A related phenomenon at some companies goes the other direction. Internal leaderboards tracking AI usage have appeared, with high consumers celebrated and, in some cases, minimum token quotas attached to performance expectations. Analysis cited in the nexos.ai report suggests high-token workflows tend to generate more code but also more rework, higher costs, and diminishing returns on actual output.
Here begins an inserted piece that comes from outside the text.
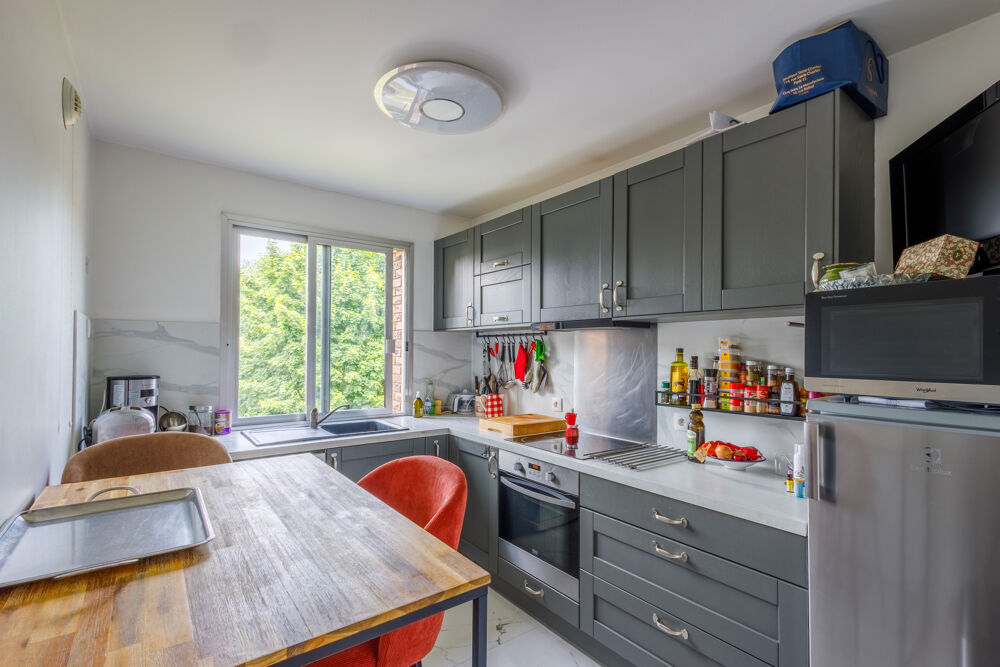 Vente Appartement HONFLEUR - GRAND APPARTEMENT DE TYPE T2 - 63,52 M2   1 CHAMBRE -  TERRASSE SUD-OUEST   PARKING   CAVE -  À 700 Honfleur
Žilvinas Girėnas, head of product at nexos.ai, said: "The innovation paradox shows up when companies cut costs without a clear plan. Most teams react to high AI bills by adding restrictions instead of building smarter systems, which forces employees to choose between innovating and staying within budget. The real problem is the absence of infrastructure that optimizes token use in real time without taking autonomy away from the team. Once teams can route tasks to the right model, sharpen prompts, and track costs automatically, heavy-handed restrictions stop being necessary."
The proposed remedy is intelligent model routing: directing each request automatically to the most cost-effective model capable of handling it. Using a premium frontier model to summarise meeting notes can cost 25 times more per task than a lighter model with no measurable difference in output quality, according to nexos.ai's own figures. Gartner projects that by 2028, half of all GenAI projects will exceed their budgets due to poor architecture and insufficient cost optimisation.
For organisations that already deploy three or more model families in testing or production, which Gartner estimates is now 81 percent of enterprises, routing removes the decision from employees and builds it into the system itself.